I was lucky to catch the ceremonies on a video link just as Pope Benedict, in the pontifical dalmatic, was about to annoint the altar. As he did so I was struck by the fact that this was no mere thumb touch of the holy oil but a real messy pouring out and spreading over. It resonated most powerfully for me with those scriptural instances of consecrations and annointings we come across in the Old Testament as something very materially real- no mere nice attenuated symbolising.
Pope Bendict's visit to Spain seems to me a very powerfully prophetic gesture aimed at reconnecting Europe with the Christian sources of its culture. The ancient (and continuing) tradition of pilgrimage to Compostella once drew a matrix of roads through Europe marked by great churches at nodal points while Gaudi's basilica suggests that cultural tradition still living and vital in the modern era.

Friday, 5 November 2010

On the road- Lincoln.

A couple of weeks ago I managed to resume my longstanding project of visiting all the medieval cathedrals and major churches of England and Wales. First on the list was Lincoln Cathedral. Lincolnshire being somewhat flat, the cathedral dominates a large area in part owing to its placement on one of the very few hills in that county. For a couple of centuries the spire on the crossing tower made it the highest built structure on earth. Unfortunately it fell down in 1549 and was not replaced. This was, of course, during the reign of Edward VI when, the English Reformation having entered a particularly virulent Protestant phase, good works were suppressed.

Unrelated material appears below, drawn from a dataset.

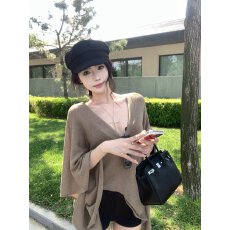 批发巨好看的夏日上衣女氛围感V领蝙蝠袖<b class='q'>宽松</b>显瘦短袖针织衫斗篷罩衫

In the Middle Ages the diocese of Lincoln covered much of Eastern England extending from the Thames in the south to the Humber in the north. Notable bishops included St Hugh of Lincoln, a contemporary of St Thomas Becket, and Robert Grosseteste, one of the greatest scholars of medieval England. Later the Cathedral's most illustrious organist was none other than William Byrd.

The view above, taken from the Morrisons car park, conveys something of the way in which the strongly vertical emphasis shared by the twin western towers and central crossing tower still dominates the modern city. Admission to the Cathedral is six pounds- which unfortunately does not guarantee entry to the treasury or library both of which were closed when I was there.